* [What you will do]: Copy out the full data exactly as given; pictures should not be included.

* [Available data]:
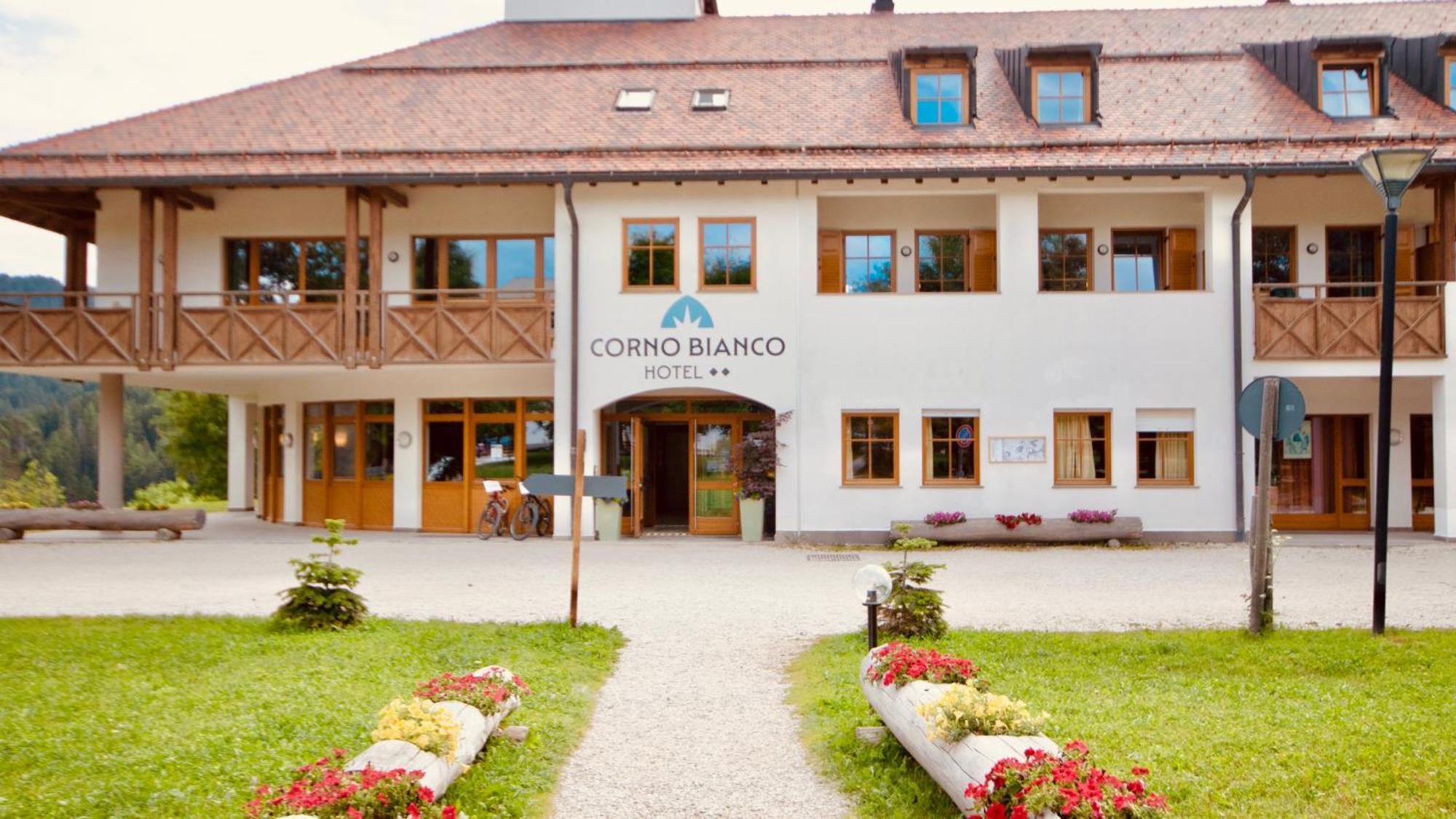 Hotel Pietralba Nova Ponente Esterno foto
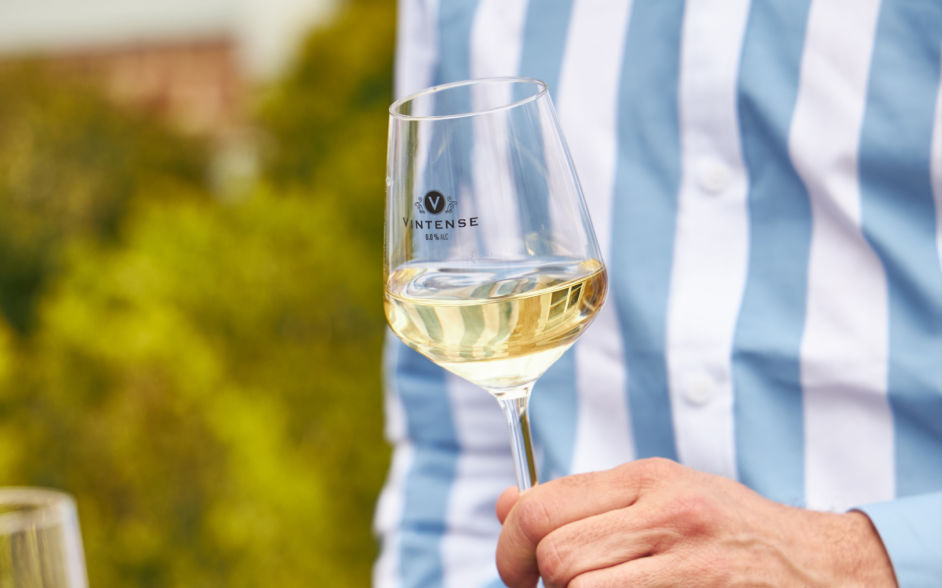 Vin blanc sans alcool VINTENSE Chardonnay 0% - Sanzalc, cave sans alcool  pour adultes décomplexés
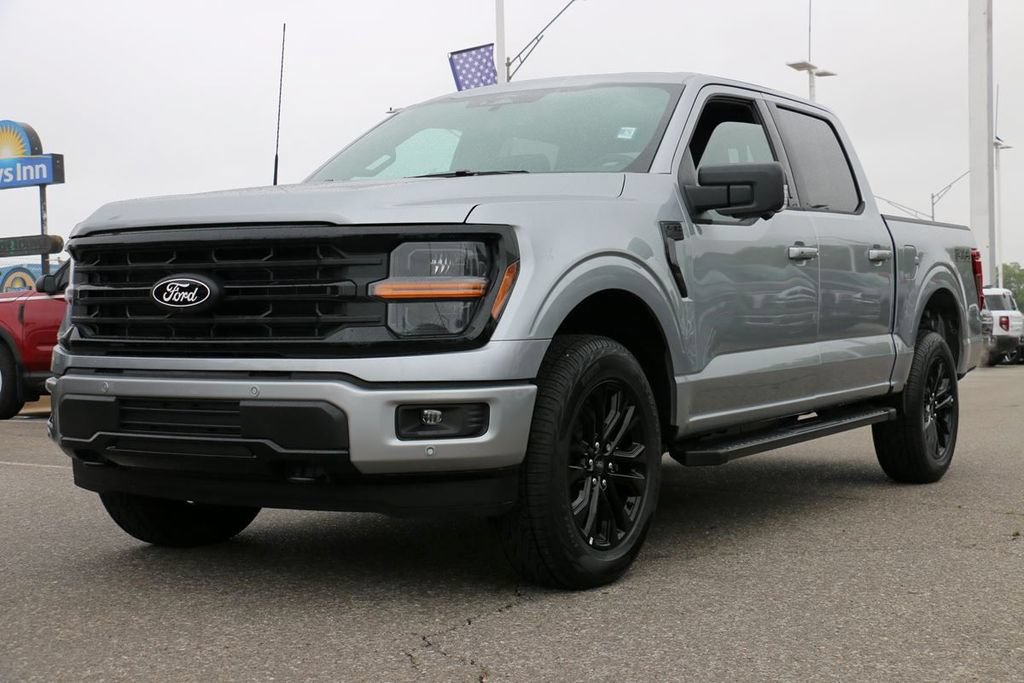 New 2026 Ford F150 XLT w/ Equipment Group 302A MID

* [Result]:
 Hotel Pietralba Nova Ponente Esterno foto
 Vin blanc sans alcool VINTENSE Chardonnay 0% - Sanzalc, cave sans alcool  pour adultes décomplexés
 New 2026 Ford F150 XLT w/ Equipment Group 302A MID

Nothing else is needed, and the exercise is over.